The truth is always stranger than fiction

The life-saving psalm
Psalm 51, verses one through four was a veritable lifesaver. During the fanatic years of the Roman Catholic religion in Europe, from about 1300 to 1800, a person convicted of a crime for which he was to be sentenced to death, if it was a first offence, could claim benefit of clergy, which meant that, if he could prove that he was religious (by reciting the Psalm 51), he could avoid the death penalty. They were branded on the thumb so they could never use the defence a second time.

The life-saving words:
"Have mercy upon me, O God, according to thy loving kindness: according unto the multitude of thy tender mercies blot out my transgressions. Wash me throughly from mine iniquity, and cleanse me from my sin. For I acknowledge my transgressions: and my sin is ever before me. Against thee, thee only, have I sinned, and done this evil in thy sight: that thou mightest be justified when thou speakest, and be clear when thou judgest."

The zero-student law school
All Souls College is a law school and history college and part of Oxford University but which, since it opened in 1438, has never had a single student. It does, though, have a huge building, a website (www.all-souls.ox.ac.uk) and an outstanding library (Codrington).

All Souls College, though officially an higher-level educational institution, is, in reality, an old boy's club. At one point, memberships (called "fellowships") were sold for cash.

Today, it is an association of select British hoidy toidies and academics, in history and law, some of which are seconded to other colleges at Oxford University as teachers (William Blackstone was a member).

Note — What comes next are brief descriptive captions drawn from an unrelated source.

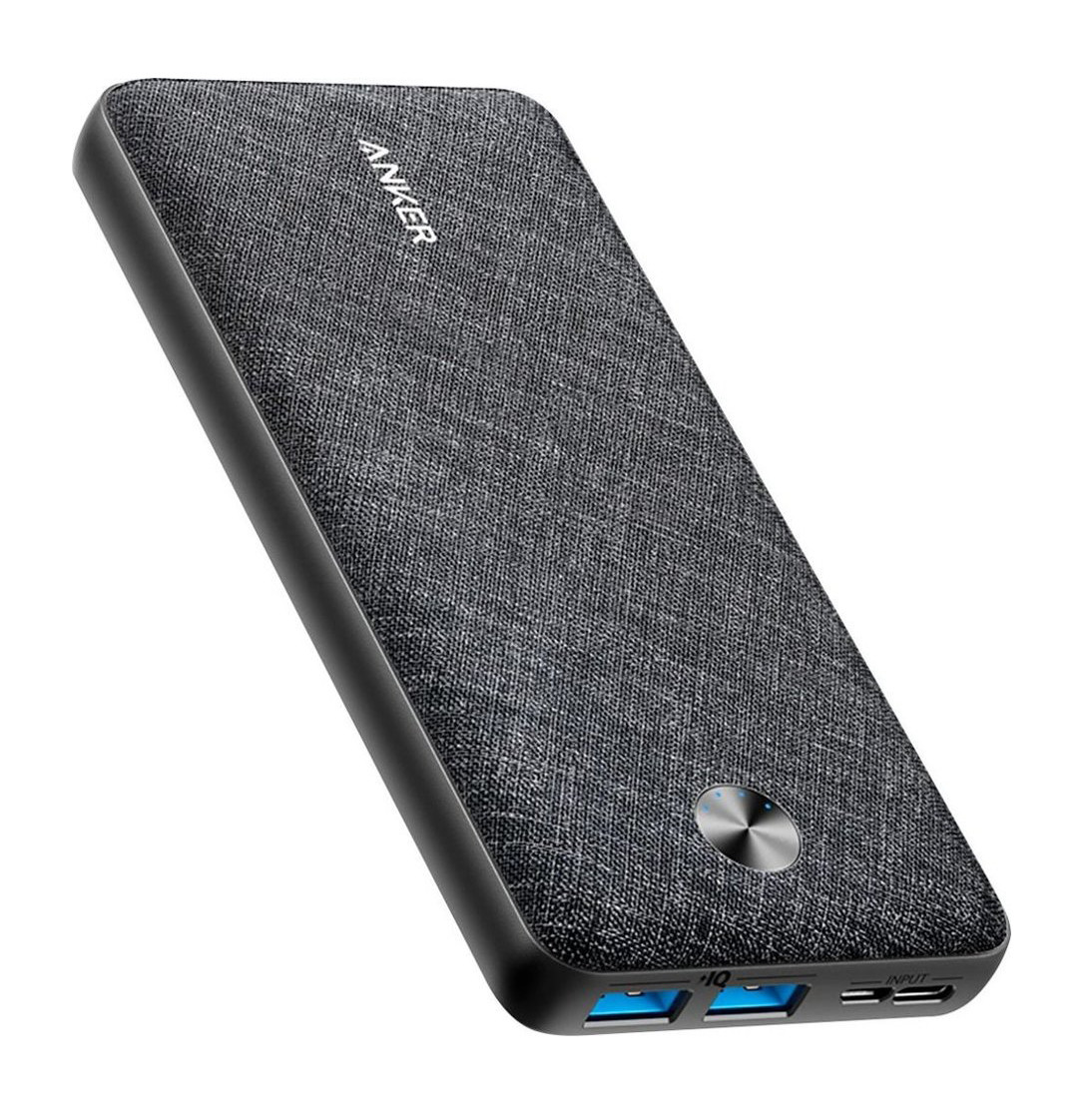 УМБ Power Bank (зовнішній акумулятор) ANKER PowerCore Essential 20000 мАг Чорний (A1268H11/A1268011)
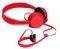 NOKIA WH-520 COLOUD KNOCK STEREO HEADSET RED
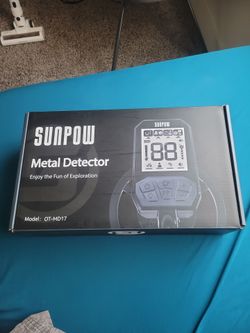 Sunpow Metal Detector OT-MD17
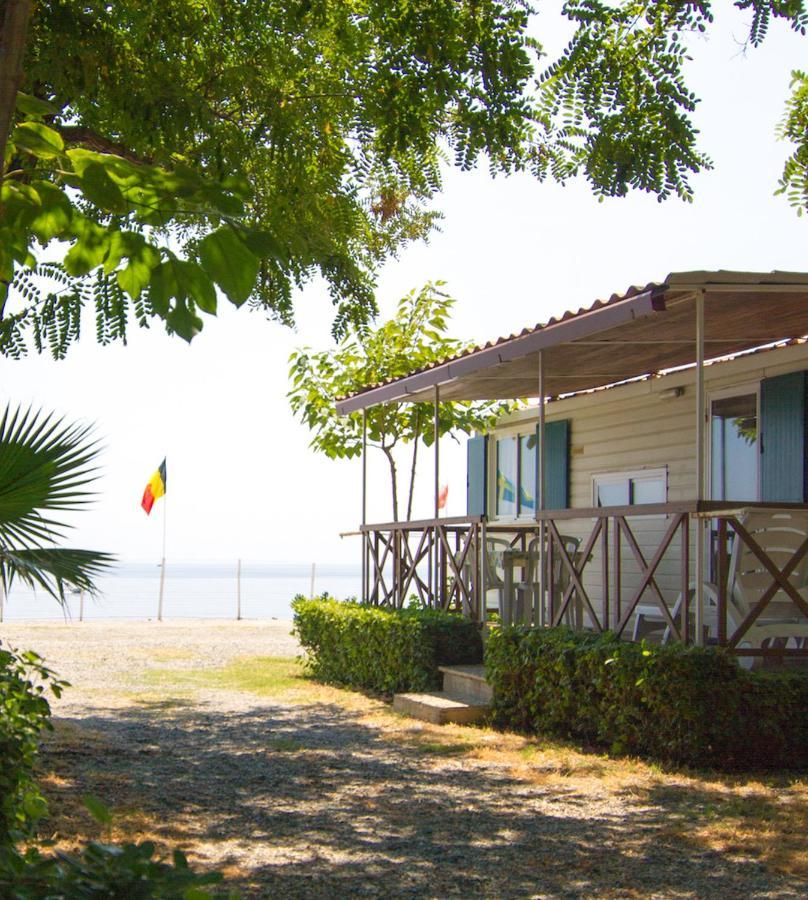 Camping La Focetta Sicula Sant'Alessio Siculo Bagian luar foto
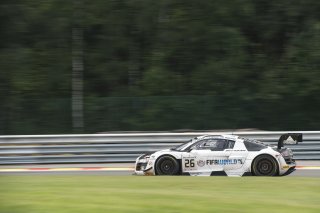Ortelli (MCO) – Guilvert (FRA) – Sandström (SWE) / Audi R8 LMS Ultra #26 SAINTELOC RACING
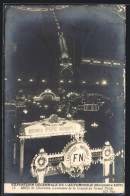 AK Paris, Exposition Décennale De L`Automobile 1907, Loumineuse De La Coupole Du Grand Palais  - Tentoonstellingen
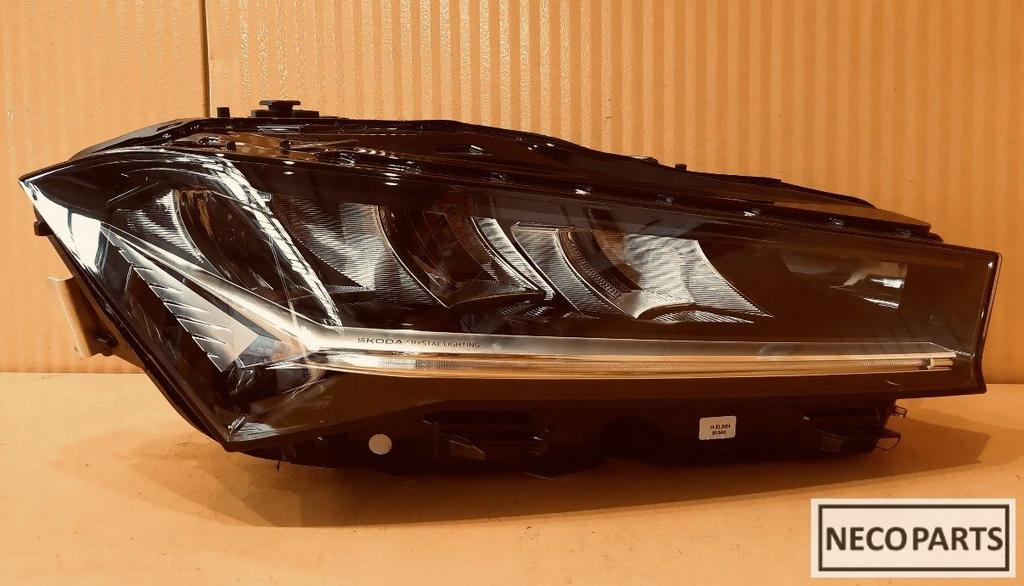 SKODA SUPERB LED KOPLAMP 3P1941016 ALLES LEVERBAAR !!!, Gebruikt, -, -, Ophalen of Verzenden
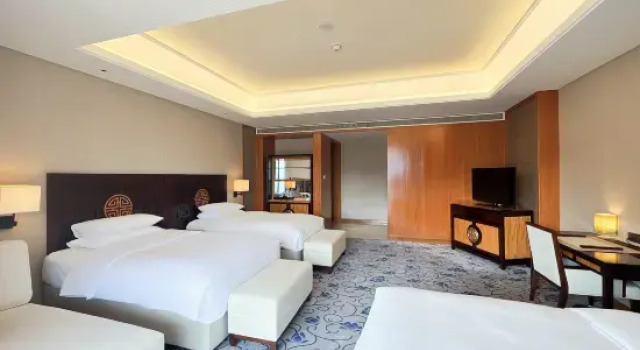 Семейный номер Deluxe Wutai Mountain Marriott Hotel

It was named by its founder, the Archbishop of Canterbury, to encourage prays for "all (the) souls" of the numerous English who had died in ruinous wars against France.

Chief justice, momma's boy
Lord Haldane (the made-up British nobleman title for Richard Burdon, his real name), was a Scotsman who lived from 1856 to 1928.

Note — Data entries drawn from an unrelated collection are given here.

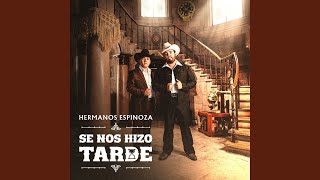 SE NOS HIZO TARDE - Hermanos Espinoza
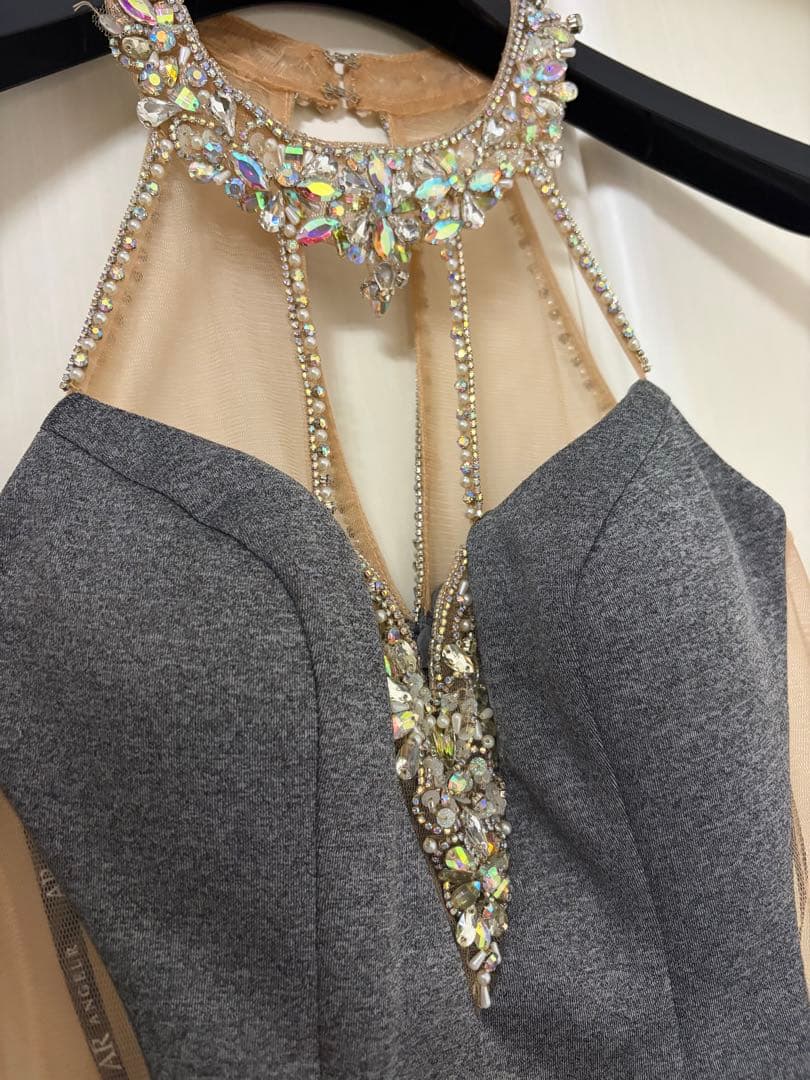 m様【AngelR エンジェルアール】ビジュー キャバドレス ミニドレス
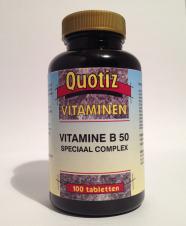 Vitamine b 50 complex 100 st 100 st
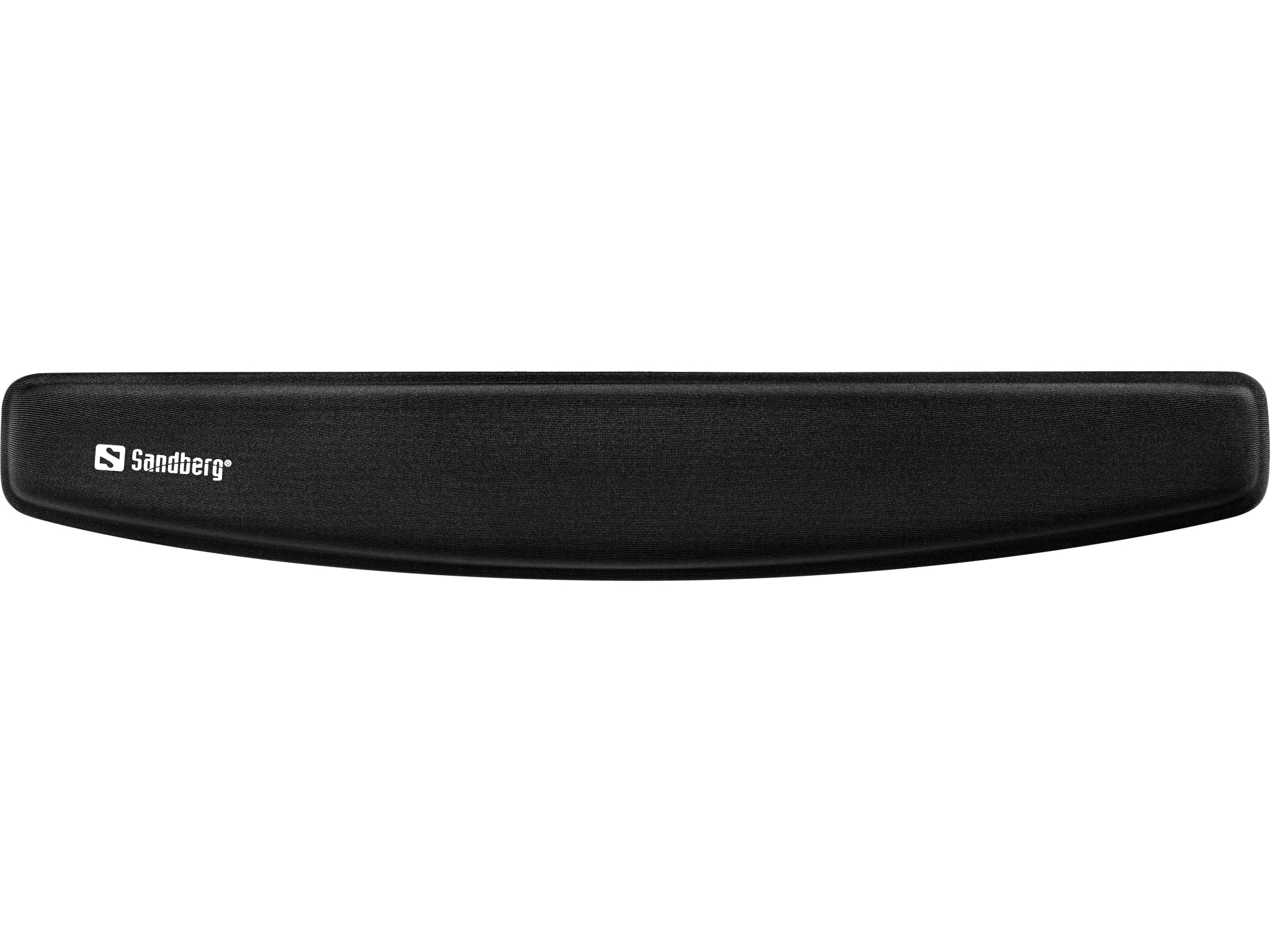 SANDBERG Gel wrist rest for keyboard Silikon Schwarz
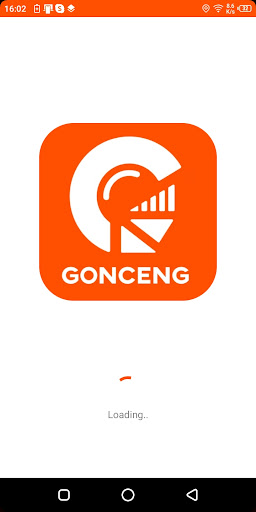 Android application Gonceng screenshort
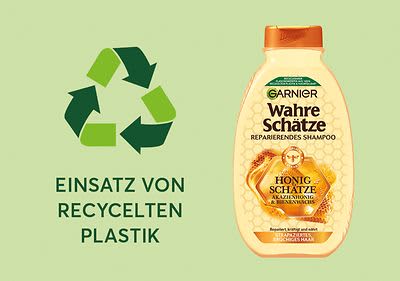 Wahre Schätze Honig Shampoo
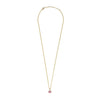 Dyrberg/Kern Ette Necklace, Pink & Gold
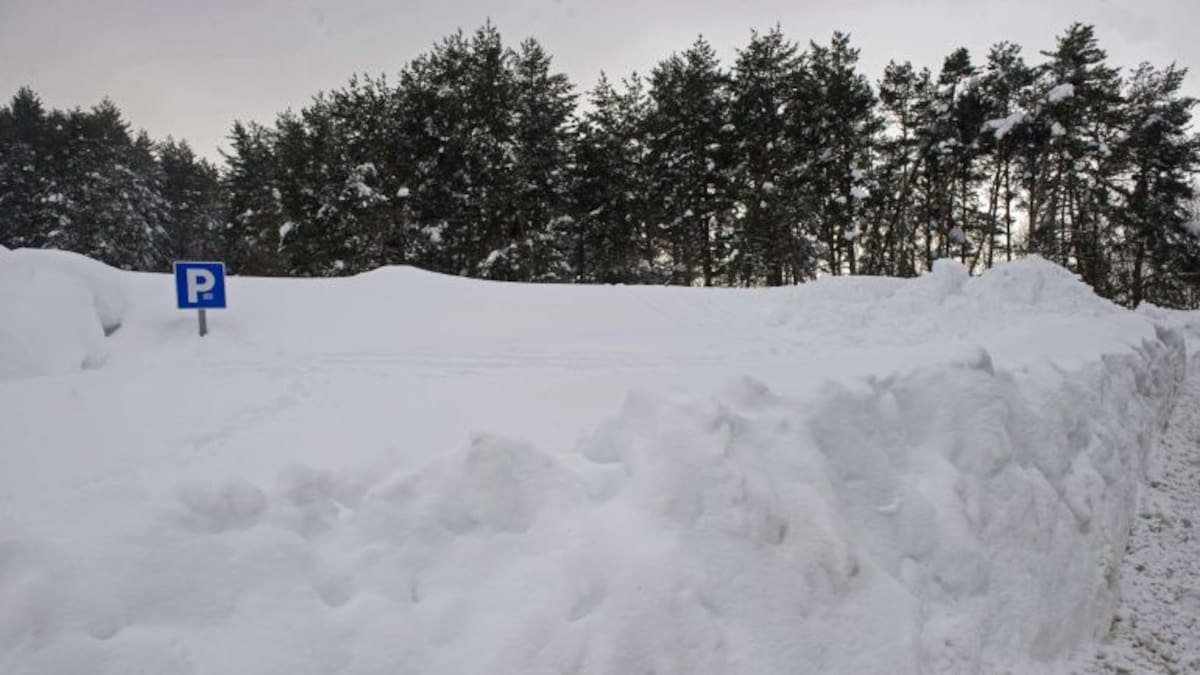 ¿Qué hacer con la nieve de la calle?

A successful lawyer, Burdon reached the pinnacle of that career in Great Britain, achieving England's equivalent for Chief Justice and Minister of Justice, Lord Chancellor, in 1912. He also served as British War Secretary during World War I.

And he was the 'momma boy' of all 'momma boys'.
For every single day, from the death of his father in 1877, to the death of his mother at the age of 100, in 1925 - some 48 years - the United Kingdom's most senior lawyer dutifully wrote a letter to his mother, Mary Burdon-Sanderson.

Burdon remained a life-long bachelor after the one woman he proposed to broke off their engagement.

He was forced to resign as Lord Chancellor in 1915, when at the height of the war, he was unable to resist public suspicion of German sympathies.

The 'wannabe jock' lawyer
Canadian attorney Lloyd Duhaime ran from Quebec City to Baie-Comeau to raise $5,000 for a charity (United Way) in 1989, running the 250 miles (400km) in eleven days.

Big deal you say?
In 1992, this same lawyer was the goaltender for a team that set the world record for the longest ever ice hockey game, collecting an assist and a penalty in the 52 hour marathon on ice.

And then, on Monday, November 16, 1985, he successfully argued an unemployment insurance case before Justices Jean Beetz, W. R. Macintrye and Bertha Wilson of the Supreme Court of Canada only 2 days after being called to the bar (Canada v Gagnon).